Tanı Hiperprolaktinemi yani kanda prolaktin fazlalığının tanısı kanda bu hormonun düzeyinin incelenmesi ile konur.Düzey yüksek bulunduğunda adenom olup olmadığının anlaşılması için ilk önce kafa filmi çekilir. Burada kemik yapılarda deformasyon saptanmaz ise tomografi ya da manyetik rezonans çekilmesi gerekebilir. Bu şekilde tanı konur. Eğer hormon düzeyleri çok yüksek değil ise kanda hormon tayini dışında ek bir tanı yöntemine gerek yoktur.

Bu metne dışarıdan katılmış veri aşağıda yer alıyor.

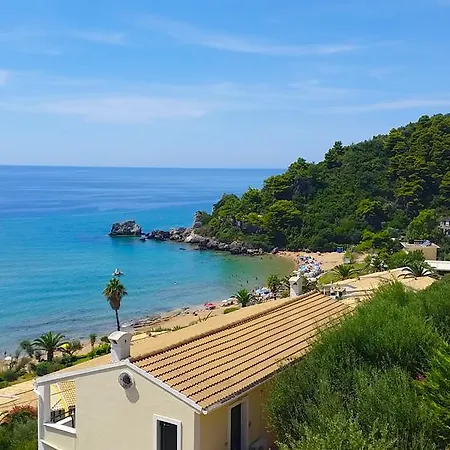Glyfada Beachfront And Villas Apartment *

Tedavi Eğer tek sorun galaktore ise genelde tedavi gerektirmez. Beraberinde prolaktin de yüksek bulunur ise seviyesi önemlidir. Eğer 100 ng/ml'den düşük ise ileri bir tanı yöntemi gerekmez. İlaç tedavisinden fayda görür. İnfertilite nedeninin prolaktin yüksekliği olarak saptandığı ve değerin 100'den düşük olduğu hastaların %80'i ilaç tedavisi ile gebe kalır. Eğer değer 100 ng/ml'den yüksek bulunur ise ileri tetkik gerekir. Çekilen filmler neticesinde mikroadenom bulunur ise yine tek başına ilaç tedavisi ve takip önerilir. 100 den büyük değerlerde ise cerrahi gerekli olabilir.
Gebelik ve Prolaktin
Gebeliğin 8. haftasından itibaren prolaktin düzeyleri kanda artmaya başlar ve miadda en yüksek düzeyine ulaşır (200-400 ng/ml). Prolaktin memenin büyümesini uyarır ve gebelik esnasında süt kanallarından klostrum adı verilen ve halk arasında ağız da denilen maddenin yapımını sağlar. Gebelik sırasında kanda yüksek oranda bulunan progesteron hormonu tam manası ile süt yapılmasını engeller. Doğumdan sonra progesteron ortamdan kalktığı için süt üretimi başlar. Bu nedenle doğumdan sonra süt gelmesi 72 saati bulabilir. Emzirmeyen annelerde ise doğumdan sonra 7 günde kan düzeyleri normal gebelik öncesi seviyelerine iner.Gebelikte prolaktinin bebeğin akciğer gelişminde rol oynadığı ve yine bebeğin anne tarafından yabancı cisim olarak algılanıp atılmasını engellediği ileri sürülmektedir.